La solidaridad arranca del hecho de que todos los seres humanos somos
iguales y tenemos las mismas aspiraciones y que es bueno para que la sociedad
sea más sana interesarnos en la medida de lo posible por los que nos rodean,
intentando hacer algo por remediar su situación. El individualista dice «ese es
su problema»; es un egoísmo evidente. Y ahí flota la célebre frase homo homini
lupus: el hombre es un lobo para el hombre (Hobbes). Pero aquí hacemos una
llamada a seguir el camino inverso: soy generoso y dedico mi tiempo, mi
esfuerzo y mi aportación hacia esos que sufren porque me siento en humanidad
con ellos. Se trata de un acto de amor que humaniza a la sociedad y nos ayuda a
crecer como personas. Y uno se da cuenta en esas circunstancias: quiero
mejorarme a mí mismo, sacar lo mejor que llevo dentro, olvidarme por un rato de
mis cosas y dirigirme hacia ese otro que lo está pasando mal y por el que yo
puedo hacer algo. Solo puede ser solidaria una persona que tiene sentimientos
nobles y que es capaz de dejar a un lado el individualismo, el egoísmo, la
competitividad profesional, y volverse con amor y operatividad hacia el que
está sufriendo. Dejamos de ser una isla y queremos ser un archipiélago unido.
Es una reacción desinteresada, defender al otro, echarle una mano, mirarlo a
los ojos e intentar tirar de él. La solidaridad es un sentimiento superior.

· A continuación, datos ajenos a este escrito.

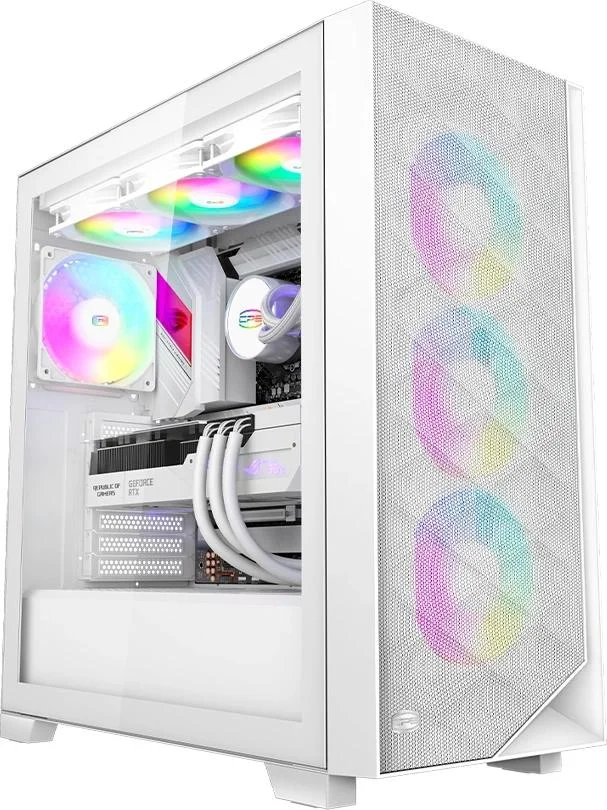 Корпус PcCooler C3D510 WH ARGB белый без БП ATX 3x120mm 2xUSB3.0 1xUSB3.1 audio bott PSU (C3D510-WHP3-GL)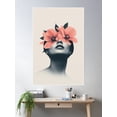 thumbnail image 2 of Woman With Flowers Poster Wall Art, Modern Wall Decor For Living Room Bedroom, 16x24 UNFRAMED, 2 of 3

Esto significa querer pertenecer al género humano y arrimar el hombro. Es lo
contrario del amor propio. Hemos sido más educados para la exigencia que para
la generosidad. Pero ahí está el reto.
Estos cuatro valores en alza
significan haber adquirido una cierta disposición para el bien. Y eso es una
cumbre psicológica que merece la pena escalar. La felicidad no se da en el
superhombre, sino en el hombre verdadero.